Um operário no Conselho de Estado indicado pelo PCP
Um operário vai sentar-se no Conselho de Estado, por indicação do PCP. Domingos Abrantes, 79 anos, funcionário do partido desde 1956, esteve preso 11 anos, primeiro em Caxias, de 1959 a 1961, depois em Peniche, de 1965 a 1973. Casou com a sua companheira da clandestinidade, Conceição, em 1969, estava ele preso. O 25 de Abril apanhou-o no exílio, de onde regressou com Álvaro Cunhal - e Conceição.
A notícia chegou ontem à tarde, numa breve nota enviada aos jornalistas pela assessoria de imprensa comunista, dando conta de um dos três nomes dos partidos da esquerda da lista de representantes da Assembleia da República no Conselho de Estado. "O nome proposto para o Conselho do Estado por parte do PCP é Domingos Abrantes, membro do Comité Central do PCP", lia-se na nota.
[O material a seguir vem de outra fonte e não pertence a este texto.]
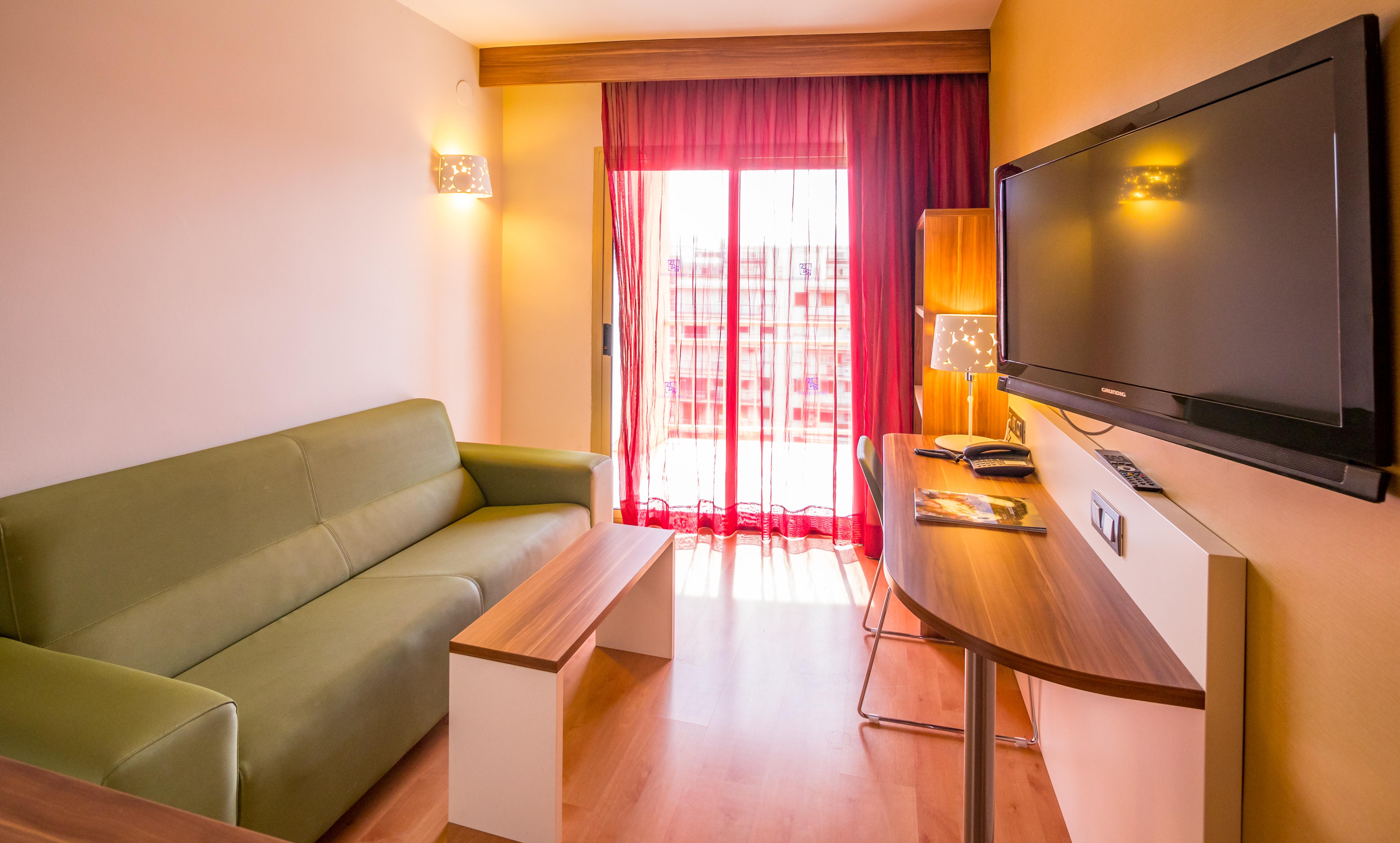 Golden Avenida Family Suites 4* Salou Ngoại thất bức ảnh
Domingos Abrantes nasceu a 19 de janeiro de 1936, é militante comunista desde 1954. De caminho esteve na MUD Juvenil, uma organização de oposição ao Estado Novo, por onde também passou Conceição Matos, a companheira de uma vida, mesmo nos quase cinco anos em que não se viram.
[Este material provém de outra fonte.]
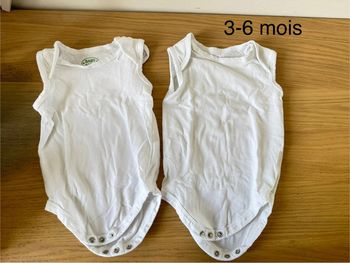 Lot de 2 bodies sans manches
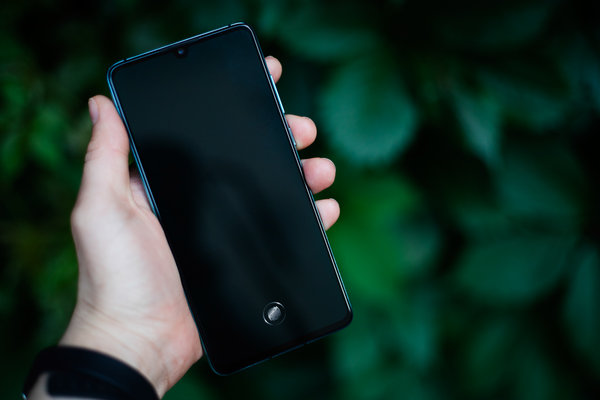 Обзор Huawei P30: когда хорошее конкурент лучшему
Domingos Abrantes é o nome do PCP para o Conselho do Estado
A fuga no carro de Salazar
Domingos Abrantes fez a quarta classe ("já era bom") e foi trabalhar. "Nasci em Vila Franca [de Xira], mas vim muito novo para o Poço do Bispo [em Lisboa]. Uma densidade de fábricas e trabalhadores colossal. Cresci num ambiente antifascista. Éramos cinco irmãos, mas, no meu tempo, já só quatro. Entrei numa fábrica aos 11 anos", contou numa entrevista (dada em conjunto com a mulher) ao Público, em abril de 2014, 40 anos depois da Revolução dos Cravos.
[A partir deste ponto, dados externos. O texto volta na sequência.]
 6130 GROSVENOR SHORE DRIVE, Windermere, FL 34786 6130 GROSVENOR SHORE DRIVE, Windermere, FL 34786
Conceição Matos explicou, na mesma entrevista, a massa de que se formaram: "Nasci em São Pedro do Sul mas fui com três anos para o Barreiro. Havia muita miséria. Isso ajuda a entrar na luta."
A luta fez-se no PCP - e nas prisões, por onde um e outro passaram. Ele passou primeiro por Caxias, em 1959 a 1961, de onde fugiu com outros camaradas do partido no carro blindado de Salazar oferecido ao ditador por Hitler, em dezembro de 1961.
Domingos confessou que foi a "paranoia securitária" que se instalou nas prisões do Estado Novo, depois da bem sucedida fuga de Álvaro Cunhal (e outros comunistas) da prisão de Peniche, a 3 de janeiro de 1960, que ajudou à sua fuga de Caxias.
A fuga deu-se numa segunda-feira e as dúvidas eram muitas. "Decidida a fuga com o carro, nascida da ideia do falso "rachado" [um delator], muitas questões se levantaram. Seria mesmo blindado? Aguentaria o choque do portão [exterior, por onde se faria a fuga]? Estaria gente para lá do portão? Que gente? Ponderados os riscos, decidiu-se avançar", de acordo com um relato disponibilizado no site do PCP. No dia da fuga, explicou Domingos, "vivia-se uma tensão serena". "Não íamos propriamente dar um passeio."
Depois da fuga, regressou à clandestinidade. Domingos voltou a ser preso em 1965. Conceição também o foi, mas ficou presa um ano e meio enquanto que o companheiro ficou até 1973, já no estertor da ditadura, com Salazar morto e Marcello Caetano posto no poder. Conceição foi torturada e nunca falou. Foi presa de novo em 1968, por uns meses.
Domingos explicou que o facto de não se verem por cinco anos e de se comunicarem por cartas vigiadas pela PIDE, fortaleceu a relação. "Conhecemo-nos numa determinada circunstância, sabíamos os riscos que corríamos, estávamos preparados. A ligação afetiva ou existe ou não existe. A nossa era forte."
Abrantes será conselheiro de Estado de um órgão que dificilmente o atual Presidente da República, Cavaco Silva, voltará a convocar. (Com o Diário de Notícias)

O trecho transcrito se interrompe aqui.